Web page caption snippets:
▶

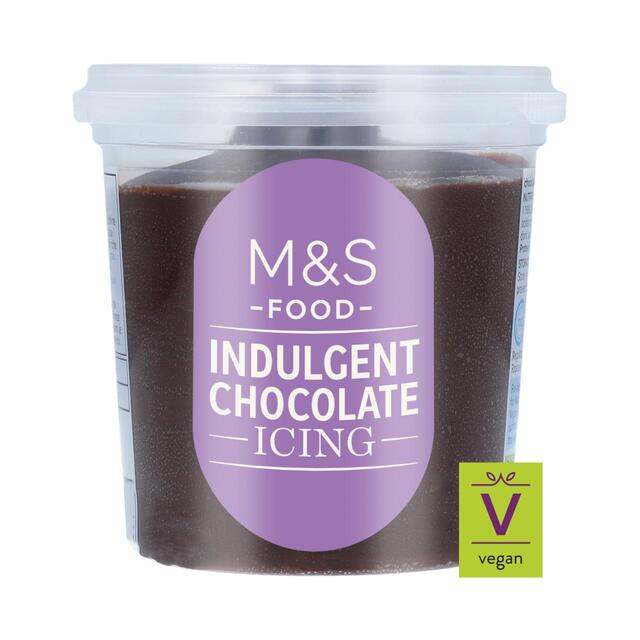 M&S Indulgent Chocolate Icing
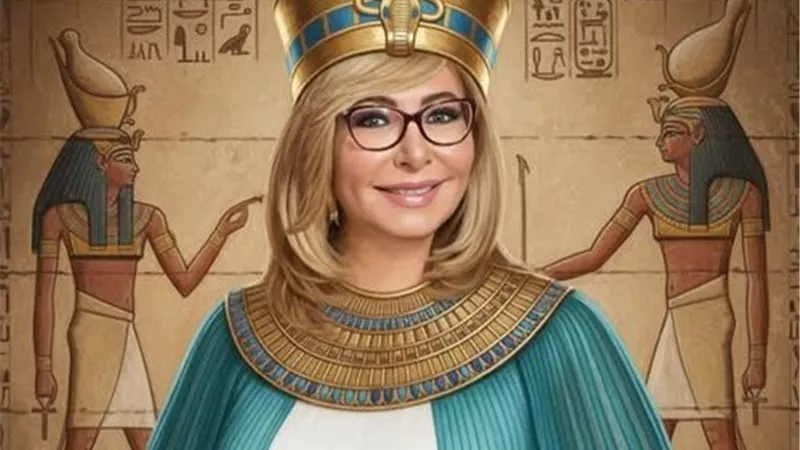 أول مصرية قديمة بالنضارة.. لميس الحديدي تعلق مازحه قبل افتتاح المتحف الكبير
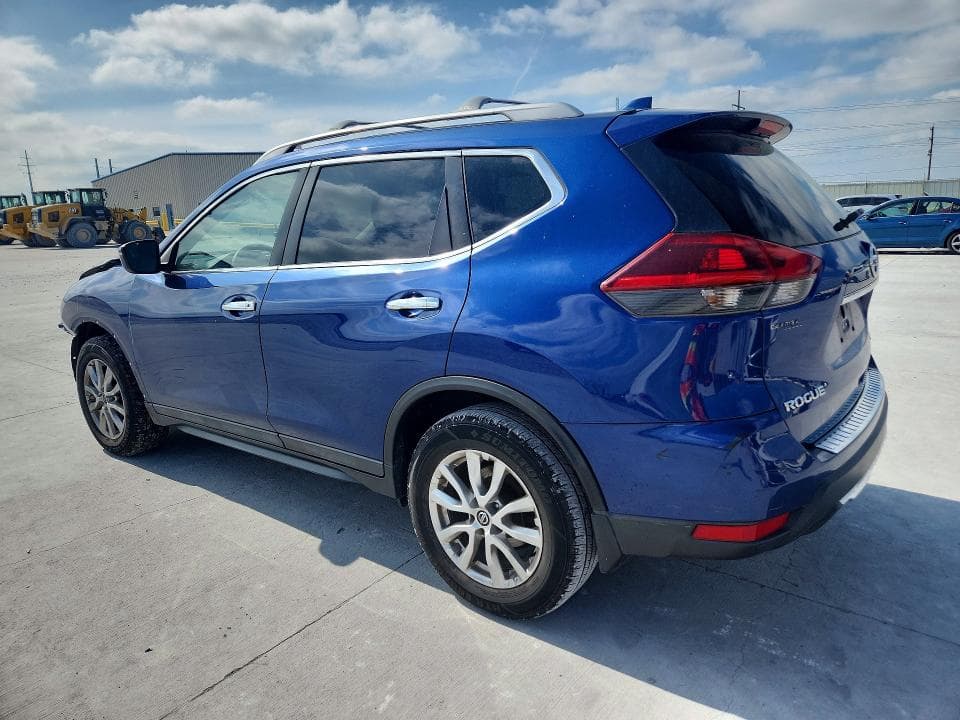 2019 NISSAN ROGUE S S 2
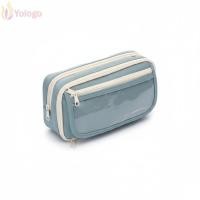 ราคา YOLOGO กระเป๋าดินสอ กระเป๋าใส่ปากกาความจุขนาดใหญ่หลายชั้น ดินสอสีทึบแฟชั่นกลับไปสู่โรงเรียน (52706725367)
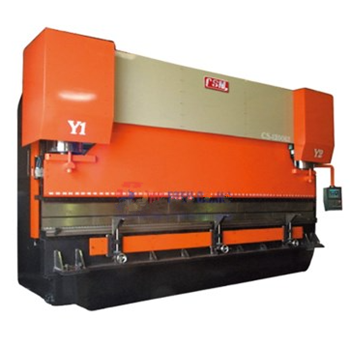 Máy chấn tôn thủy lực điều khiển CNC CS-120070H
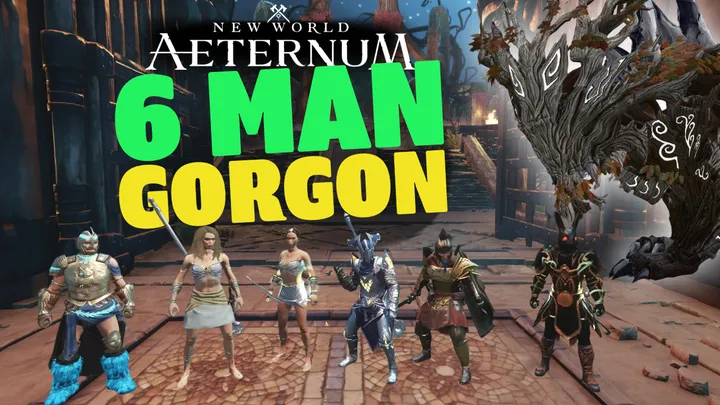 Gorgon 6-Man Challenge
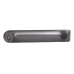 Вилив Qtap (41,8x36,6x226) для душової системи Presto Graphite QTPRE418366226GRP50529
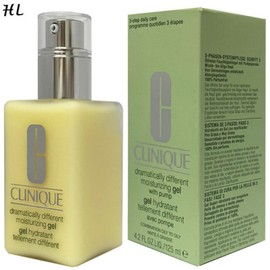 Clinique Dramatically Moisturizing Gel 125ml / 크리니크 드라마티컬리 모이스춰라이징 젤 125ml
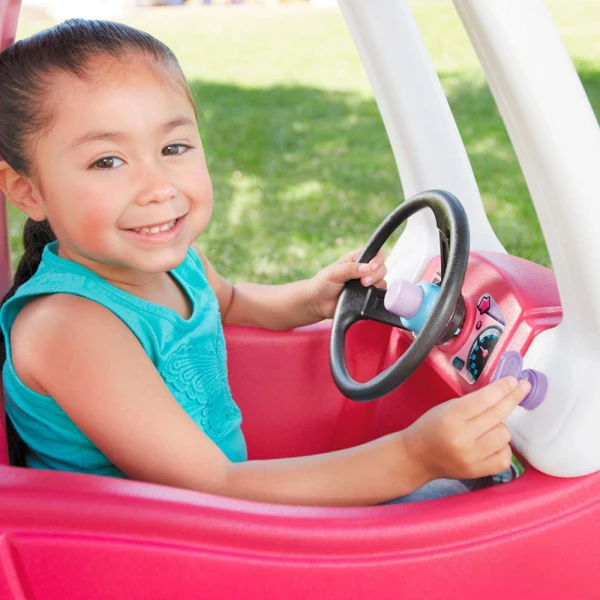 LITTLE TIKES COZY COUPE PRINCESS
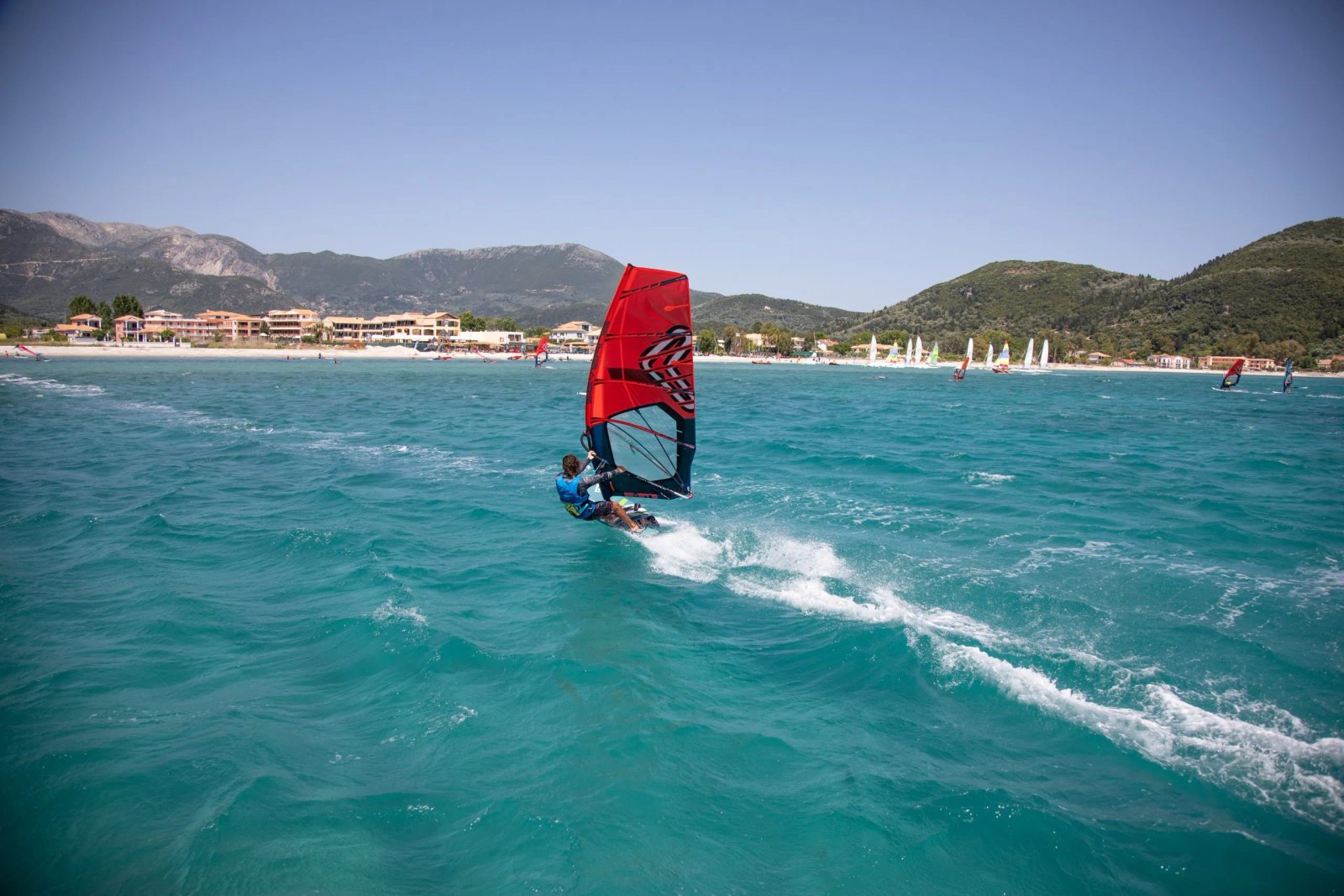 Vassiliki Windsurf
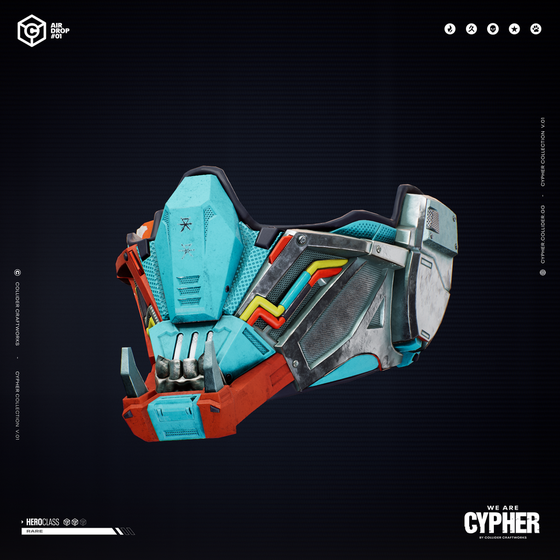 Collider Craftworks - Cypher Airdrop1 #1028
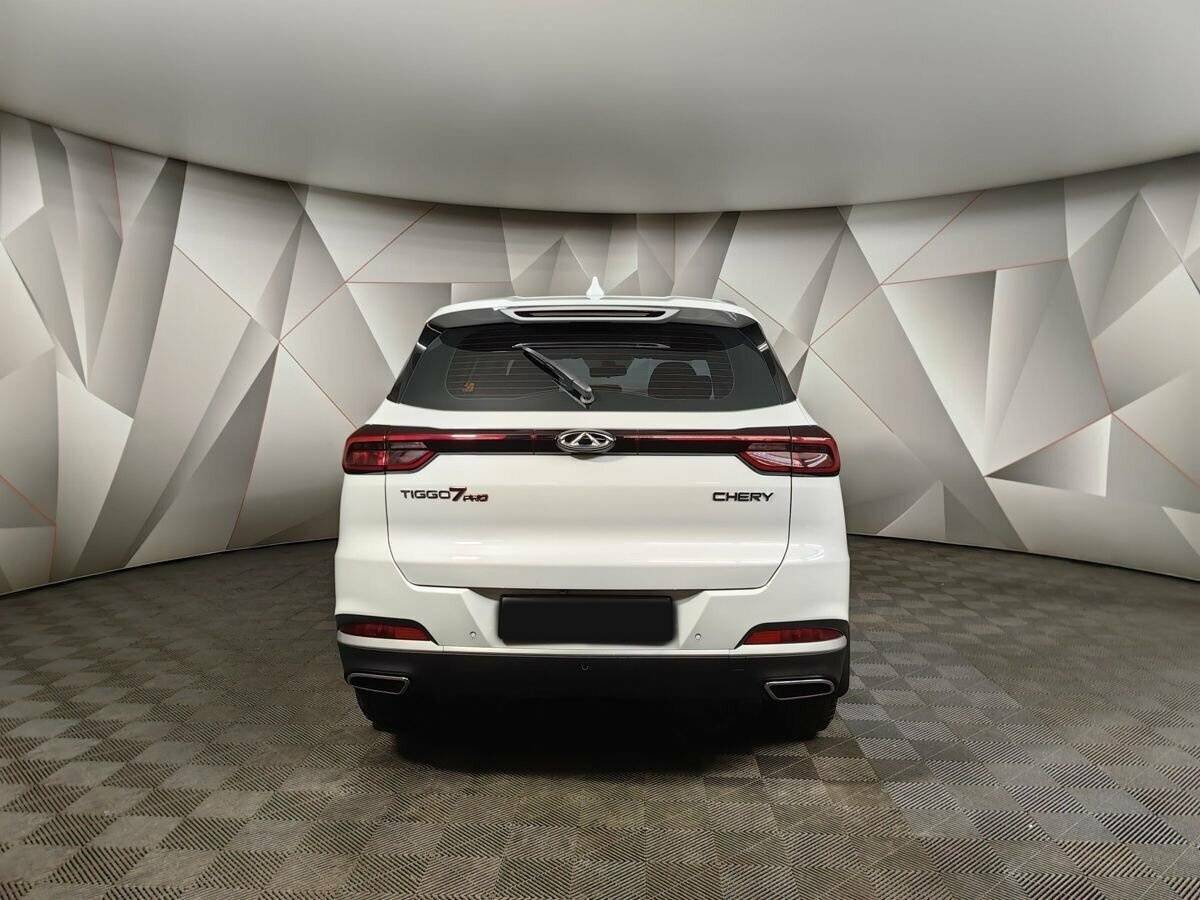 Chery Tiggo 7 Pro 2022 года с пробегом. Фото: #7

◀

▸ **EXERCISE AIM**
Nothing but the lines from the one that holds "ราคา YOLOGO กระเป๋าดินสอ" through the end of the data should appear, written out exactly, without pictures.

▸ **COMPLETED EXERCISE**
 ราคา YOLOGO กระเป๋าดินสอ กระเป๋าใส่ปากกาความจุขนาดใหญ่หลายชั้น ดินสอสีทึบแฟชั่นกลับไปสู่โรงเรียน (52706725367)
 Máy chấn tôn thủy lực điều khiển CNC CS-120070H
 Gorgon 6-Man Challenge
 Вилив Qtap (41,8x36,6x226) для душової системи Presto Graphite QTPRE418366226GRP50529
 Clinique Dramatically Moisturizing Gel 125ml / 크리니크 드라마티컬리 모이스춰라이징 젤 125ml
 LITTLE TIKES COZY COUPE PRINCESS
 Vassiliki Windsurf
 Collider Craftworks - Cypher Airdrop1 #1028
 Chery Tiggo 7 Pro 2022 года с пробегом. Фото: #7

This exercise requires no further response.